Unnerved by the two bear markets since 2000 and the overall sub-par performance of the S&P 500, historically speaking, it’s not surprising that retail investors are less than enamored with equities. Whether due to decreased financial capacity or diminished confidence in the markets, retail investors hold less total stock today than in 2007. Their reduced participation in this bull market is clearly a contributing factor to widening wealth disparity.

Fortunately for the markets and, indirectly, for mutual fund investors, corporate buyback programs have at least partially filled the buyer’s gap. Given the sensitivity of both mutual fund investors and corporations to declining stock prices, a bear market now could be particularly devastating.

The Cloudy Horizon

Metaphorically, the markets and the economy, in all its facets, are thick with opacity, making all investors susceptible to spatial disorientation. Just because the pull of gravity in the capital markets is imprecise, it’s a terrible mistake to assume it doesn’t exist. Much of the investment world is flying blind. To tell your airline (employer) that you’re not going to fly (invest) until conditions improve is to invite a pink slip. For most in the investment profession, however, preservation of one’s livelihood takes precedence over loyalty to clients.

Circling back to “Selling Fast and Buying Slow: Heuristics and Trading Performance of Institutional Investors,” we found the abstract to be so narrow as to be essentially irrelevant. Though the authors mostly hypothesize changes to institutional management, their proposals deserve a hearing.

First, they argue, institutional investors should devote fewer “attentional resources” to new ideas. To be sure, there’s something fresh, exciting, and hopeful about a new idea. Even though an old idea may be beguilingly cheap, it simply doesn’t elicit the same response. They also highlight a current tendency to sell historically volatile stocks. Assets with extreme returns, positive or negative, are 50% more likely to be sold than those with middling performance histories. They conclude that such a tendency “appears to be a mistake and is linked empirically with substantial overall underperformance in selling!”

What, in our opinion, they overlooked is, admittedly, an anachronism in today’s relative-return world. The antonym for relative is absolute. Absolute-return investors, almost all of whom are of the value persuasion, abhor big “drawdowns”—the peak-to-trough decline in a portfolio, usually during bear markets. Two points are worth noting:

  • First, significant drawdowns wreak havoc with long-term compounded returns and, no less importantly, investors are prone to become irrational (a.k.a. panic) at the worst possible time. One of our least talked-about but most important responsibilities as managers is to avoid putting clients in that wealth-threatening position.
  • Second, absolute-return investors suffer from acrophobia, becoming more and more anxious the higher valuations go. Given the metrics we use to measure value, it should be easy to understand why we are nearly apoplectic.

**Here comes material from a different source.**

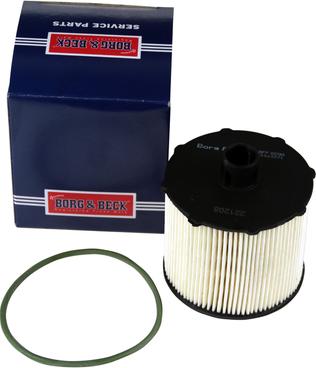 Borg & Beck BFF8298 - Топливный фильтр abcparts.ee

For absolute-return investors, the principal downside to refusing to fly in threatening conditions—in holding cash in lieu of equities—is career risk. Someday the tide will turn, as it invariably does, and in the eyes of the world we will be transformed from toad to prince. Knowing that neither moniker fits, just like today, it will be business as usual, as neither fear nor greed will be part of the investment decision-making process.